When analysis is done, a new subfolder will be created containing the analysis result files. The important result files are:

  • Data summary - with abundance effect.xlsx: Containes all analysis results (statistics, log2 fold-changes, passed filter criteria) per protein considering treatment-induced protein abundance effects.
  • Data summary - without abundance effect.xlsx: Containes all analysis results (statistics, log2 fold-changes, passed filter criteria) per protein removing treatment-induced protein abundance effects.
  • Induced abundance effect.pdf: Volcano plot showing proteins with treatment-induced abundance changes.
  • Result plots - with abundance effects.pdf: Volcano plot and reconstructed melting curves for significantly affected proteins considering treatment-induced abundance effects.
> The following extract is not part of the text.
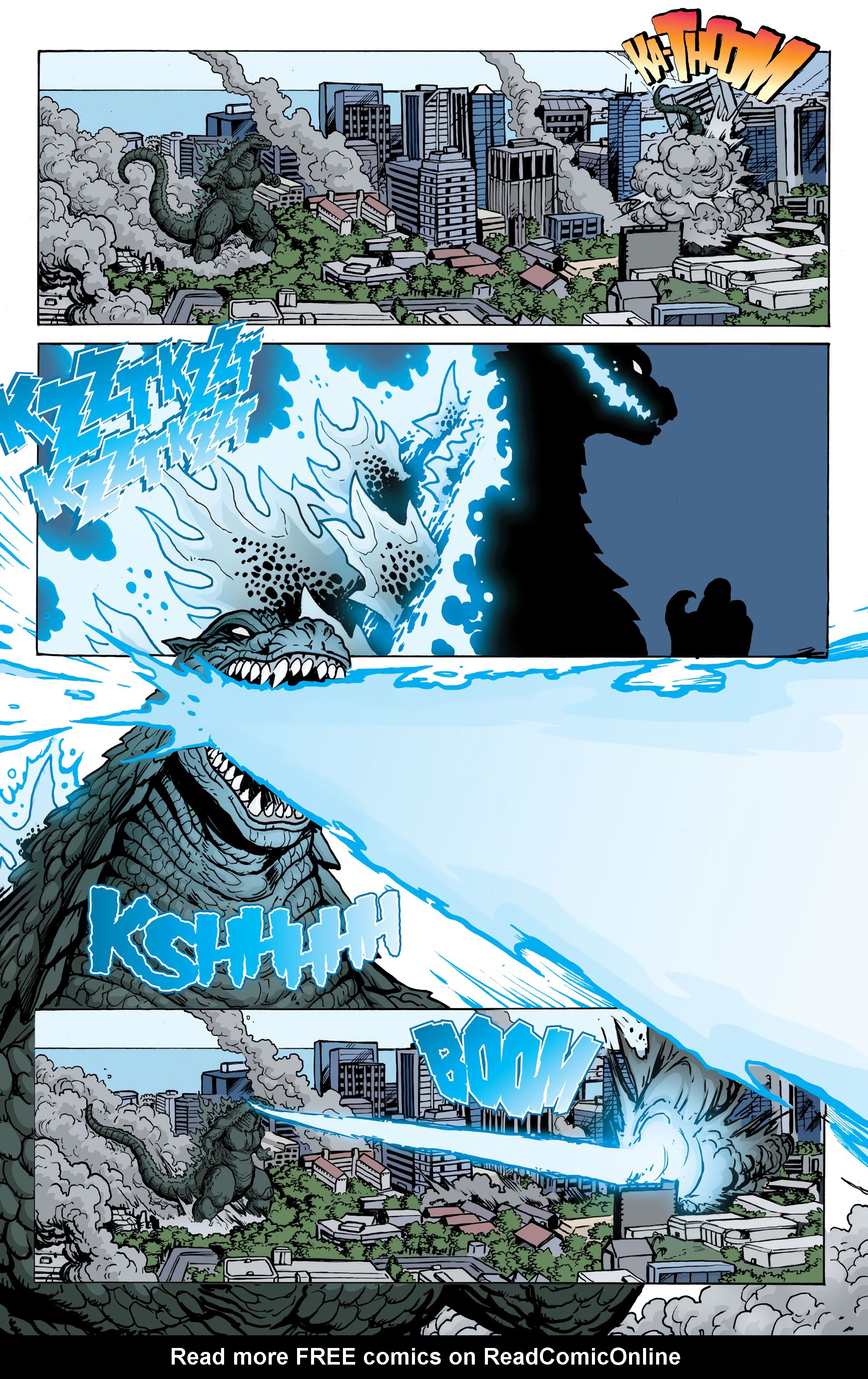 Read online Godzilla: Best of Godzilla comic -  Issue # TPB - 70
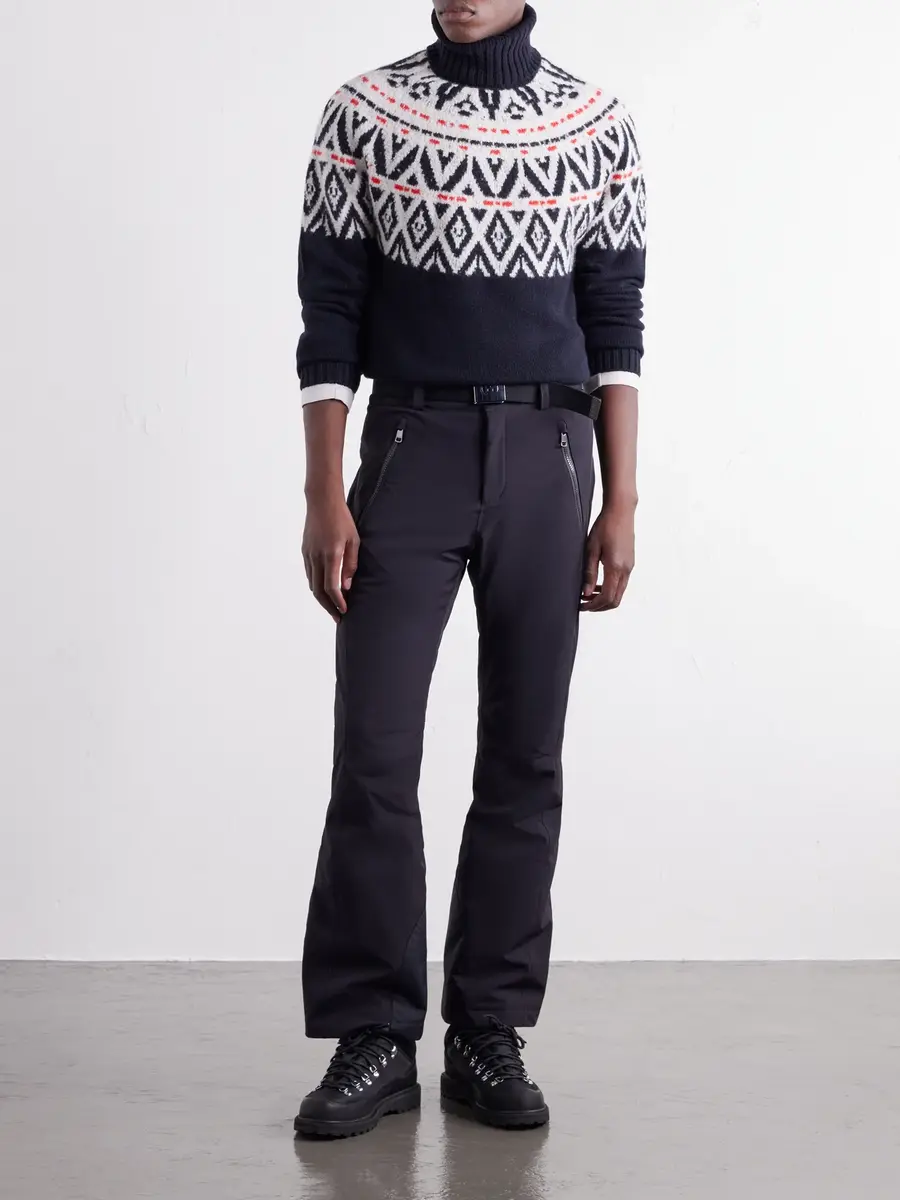 Bogner Roxter Fair Isle Jacquard-Knit Cashmere Rollneck Ski Mid-Layer - Men | Thumbnail 2 Bogner Roxter Fair Isle Jacquard-Knit Cashmere Rollneck Ski Mid-Layer - Men | Thumbnail 2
  • Result plots - without abundance effects.pdf: Volcano plot and reconstructed melting curves for significantly affected proteins removing treatment-induced abundance effects.
  • Significant proteins - with abundance effect.xlsx: Filtered data summary table for significantly affected proteins considering treatment-induced abundance effects.
  • Significant proteins - without abundance effect.xlsx: Filtered data summary table for significantly affected proteins removing treatment-induced abundance effects.
  • Significant regulated proteins.xlsx: Filtered data summary table for proteins which show significant treatment-induced abundance changes.